Mas o concerto do bad boy e dos bons meninos está a todo vapor, e o mundo, embora sempre tenha sido assim, está no meio dos interesses privados da geopolítica mundial, Rússia e China, por um lado, e o aliado mundial liderado pelos EUA, França e Inglaterra, e o mundo agora tomando partido, é claro com a ameaça implícita de que se eles não fizerem isso ou se comportarem mal, haverá severas represálias. (4)

“O Ocidente (EUA, INGLATERRA E FRANÇA) e agora RÚSSIA e CHINA têm que aceitar que outras escolhas que não as nossas, mesmo que sejam de outra ideologia ou filosofia, têm substancialidade e ocupam um lugar comum em nosso mundo humano e terrestre: os cidadãos são do local.
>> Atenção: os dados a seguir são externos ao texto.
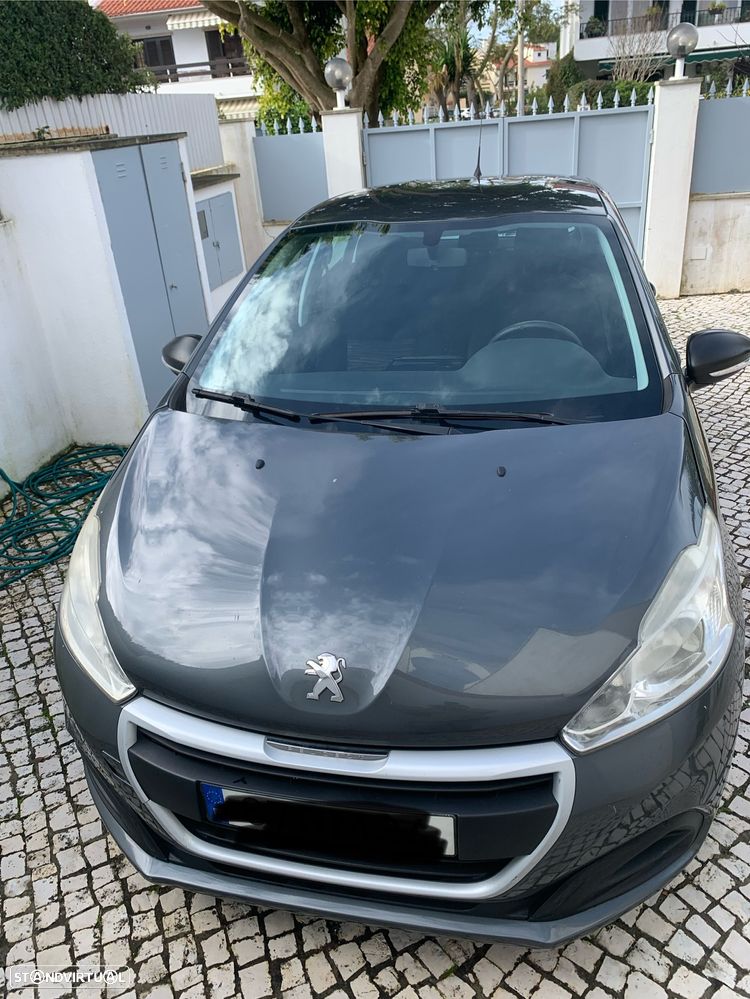 Peugeot 208 1.6 BlueHDi Access - 2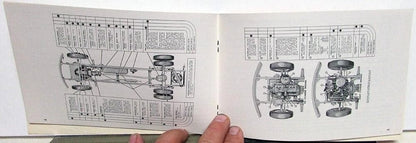 Owners Manual for Studebaker 3E Series Trucks (1958)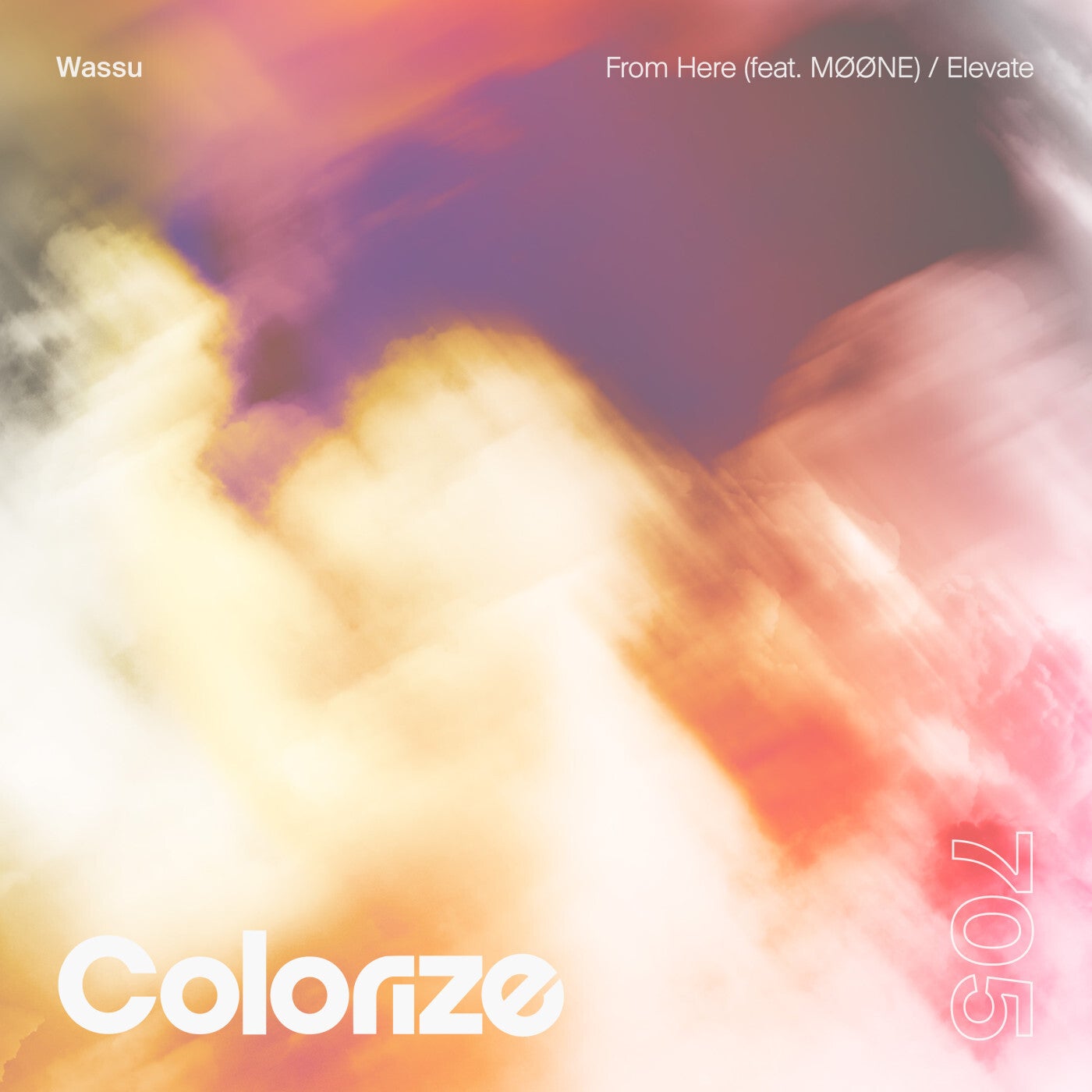 Cover - Wassu - Elevate (Extended Mix) Promo tools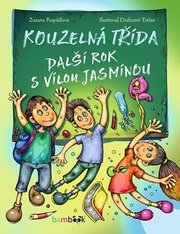 Kouzelná třída – další rok s vílou Jasmí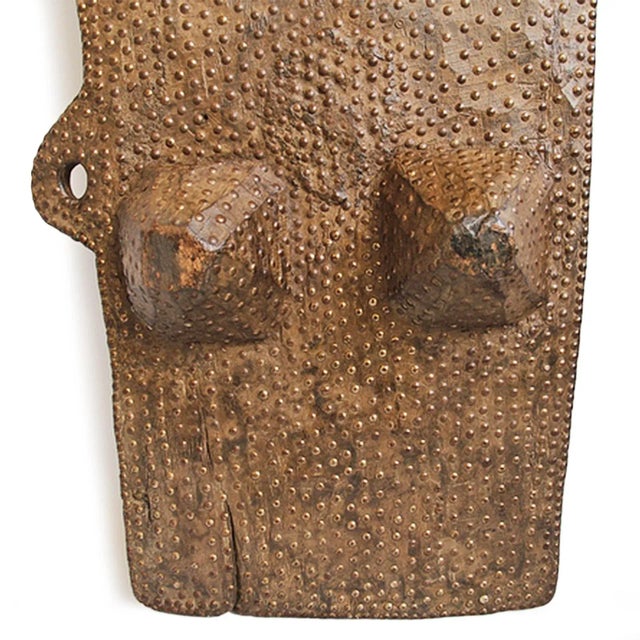 Late 19th Century Vintage Late 19th Century Angola Uncombe Bed For Sale - Image 5 of 7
Essa vertigem em que colocamos o destino da humanidade nos trilhos, no processo de globalização e de um único homem universal falhou e nunca será alcançada, isso é pior do que o comunismo-marxismo-leninismo, porque pelo menos havia a intenção de um benefício para todos que pensam o mesmo, que a opção de evangelizar o extermínio não deixará interlocutores, ou apenas zumbis sem alma”.
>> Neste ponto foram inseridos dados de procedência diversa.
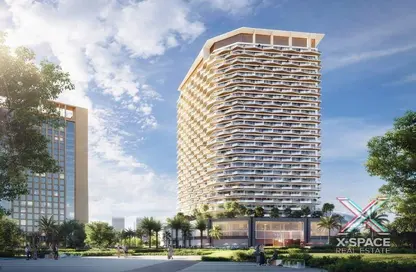 Apartment - 2 Bedrooms - 3 Bathrooms for sale in Binghatti Haven - Dubai Sports City - Dubai Apartment - 2 Bedrooms - 3 Bathrooms for sale in Binghatti Haven - Dubai Sports City - Dubai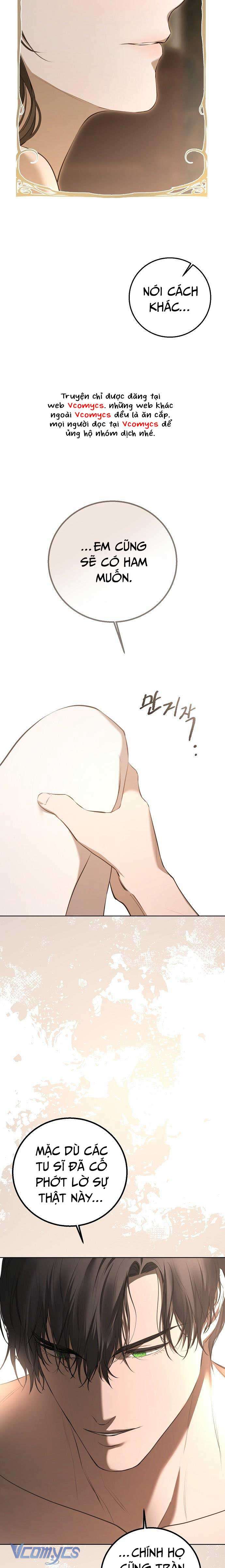 Hãy Dạy Em Cách Khao Khát Chapter 13 - Trang 4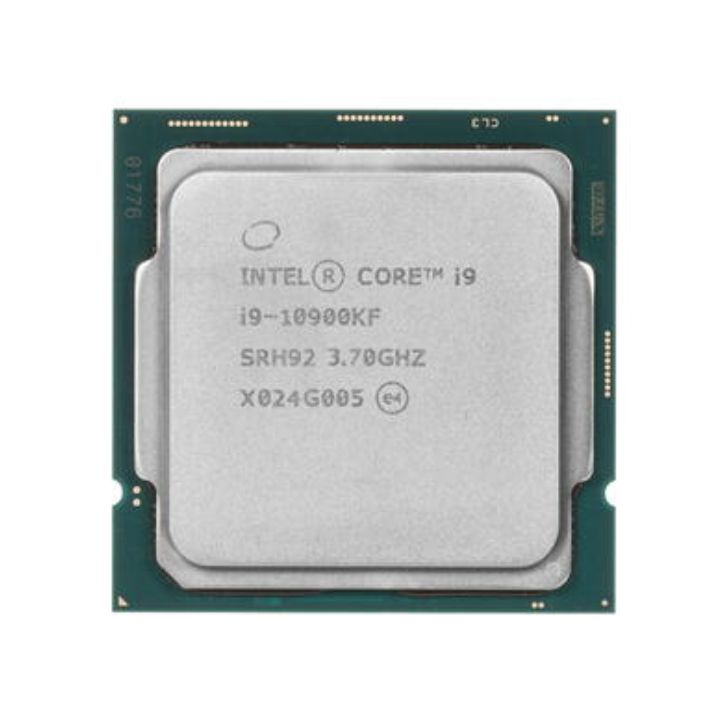 Купить CPU Intel Core i9-10900KF 3,7GHz (5,3GHz) 20Mb 10/20 Comet Lake Intel&reg; 95W FCLGA1200 Tray в Алматы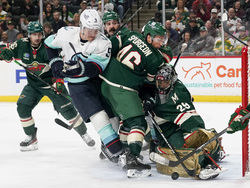Kraken Wild Hockey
“O Ocidente (EUA, INGLATERRA E FRANÇA) e agora RÚSSIA e CHINA devem aceitar que sua estratégia de colonização pela força está esgotada, a menos que seus planos incluam a eliminação do diferente como objetivo final.” (5)

Apenas lendo um pouco da história moderna podemos perceber que o direito internacional não existe, que a ONU é um órgão obsoleto e burocrático, sujeito aos interesses ocidentais, com uma visão sectária do homem e da sociedade, e que não representa um lugar consertar qualquer coisa e evitar a possível e latente catástrofe do mundo.

Os seres humanos estão presos entre interesses in-humanos, entre a loucura de alguns e entre a impassibilidade de nossos corpos e mentes, o mundo está simplesmente esperando o julgamento final, o apocalipse.

(1) https://jornadaveracruz.com.mx/columnas/cronicas-ausentes/a-proposito-de-los-genocidas-ahora-vueltas-jueces-de-otro-genocida/ A INEXISTÊNCIA DO ESTADO DEMOCRÁTICO os mortos de Gaza.

(2) https://www.entornopolitico.com/columna/38078/lenin-torres-antonio/

A RAMAGEM DA MIRAGEM DEMOCRÁTICA Sobre o intervencionismo gringo (Green Go) na Venezuela.

(3) https://www.tribunalibrenoticias.com/2019/07/cronicas-ausentes-las-bestias-rubias-su.html

AS BESTAS LOURAS, SUA PREDOMINAÇÃO PREDATÓRIA E DESUMANA.

(4) O MUNDO NO MEIO DOS INTERESSES GEOPOLÍTICOS CRIMINAIS.